Эти мальчики в приготовительной школе и Франсуа — фактически это были не мужчины, а переодетые девушки. Меня влекла к ним их красота, их женственность, а не грязные руки мальчиков, не нечистые мальчишеские запахи и их жалкие, маленькие писюльки. И так случилось, faute de mieux, что они были сексуально доступны.

Однако вот что печально. Достигнув возраста, когда у меня нет неясности относительно моей сексуальности, я жалею о том времени, когда она была. Возможно, жизнь была более суровой и тревожной, но возможности были гораздо интереснее.

Раз, два, три с Ант и Би

Есть масса вещей, которые нужно попробовать к тридцати годам, и одна из них — это секс втроем. Но раздражает, что, когда обсуждаешь этот вопрос с девушками, они неизменно говорят: «Отлично, кто будет вторым?»

А я им не верю. Я сомневаюсь, что им действительно хочется заниматься сексом с двумя мужчинами, просто это хитрая стратегия, чтобы отразить твой удар и одновременно показать свою раскрепощенность. Потому что ты неизбежно говоришь: «Брр. Я не собираюсь заниматься сексом вместе с другим мужчиной». Что позволяет им сказать: «А почему ты думал, что я захочу заниматься сексом вместе с другой женщиной?»

Но это не главная причина. Главная причина в том, что женщины хотят, чтобы секс был чем-то исключительным, особым моментом в отношениях двух людей, а не развратной оргией с одновременным проникновением во все дырки. Если женщина занимается с мужчиной любовью, то ей нужно убедиться, что он никого, кроме нее, не замечает, потому что таково их биологическое предназначение — найти одинокого самца, соблазнить его, а затем заарканить, чтобы он стал заботиться о будущем приплоде.

Мужчины устроены иначе.

Поэтому вполне естественно, что когда во время летнего отпуска я оказываюсь на юге Франции и две юные девушки дают понять, что хотят заняться со мной любовью втроем, я прикуриваю новую сигарету и говорю: «Хорошо. Отлично. Я согласен».

Такой ответ на такое щедрое предложение может показаться слишком небрежным. Но меньше всего мне хочется показывать свое воодушевление, чтобы девушки не подумали: «Стоп. Во что это мы тут ввязываемся?» Нужно, чтобы они решили, что для меня это так же естественно, как съесть круассан с абрикосовым вареньем; обмакнуть булочку в чашку с горячим шоколадом; разбавить пастис водой — проблемы одного порядка.

Здесь, на юге Франции, я этим занимаюсь постоянно.
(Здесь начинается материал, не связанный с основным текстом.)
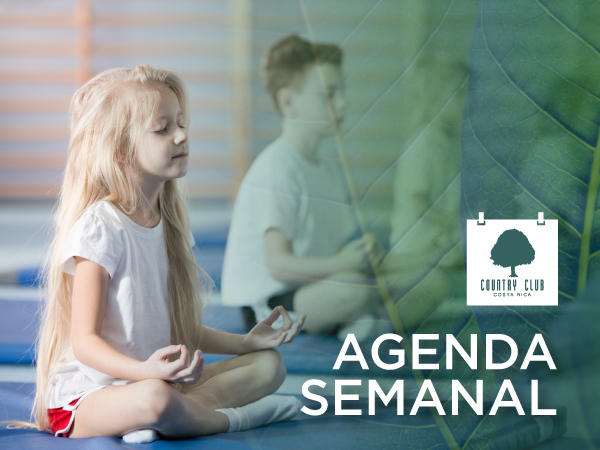 General10al16mayo2019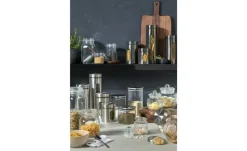 Aufbewahrungsglas|KHG Outlet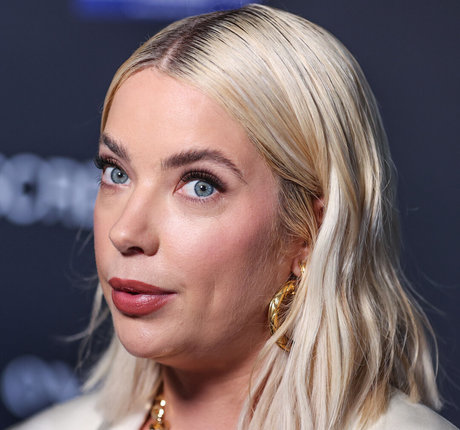 2024 top onlyfans pornographic img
Я живу в старинной каменной прованской mas, которая принадлежит богатой бабушке Молли и Маркуса, и в этой жаре нечего делать, кроме как есть, валяться около бассейна и напиваться.

Пьянство начинается с обеда или раньше, если особенно тяжелое похмелье, а поскольку Молли нет, только я и Маркус, можно заниматься им всерьез. Маркус весьма увлекся розовой недобродившей мочой, которую под названием «Vin du Pays Rose» соседний кооператив продает в пластиковых коробках, я же считаю, что пастис позволяет быстрее достичь результата и не так жестоко действует на мозга.

Мы живем там дня два-три, может быть четыре, когда неизвестно откуда появляются эти девицы. Как обычно, мы бездельничаем в саду, пытаясь уловить ускользающий смысл слов на странице, перечитываемой заново и заново, когда на травке материализуются они — в темных очках, с полотенцами и нездоровой кожей английских школьниц.

— Привет, вот и мы. Не знаете, какую комнату нам отвели? — спрашивает одна из них.

Маркус едва поднимает глаза над книгой:

— Берите любую, если она покажется свободной, я бы поступил так.

После их ухода я бросаю взгляд на Маркуса. Если бы я мог научиться у него такой небрежности в обращении с девушками, то, наверно, имел не меньше сексуальных отношений, чем он.

— Их приезда ждали? — спрашиваю я.

— Кажется, да.

— А подробнее?

— Это просто подруги моей младшей сестры. Кажется, «Интеррейлом» путешествуют по Европе.

— Мог бы сказать мне раньше.

— В чем дело?

— Я бы получше подготовился. Какова ситуация с ними? У них есть приятели? Их можно клеить?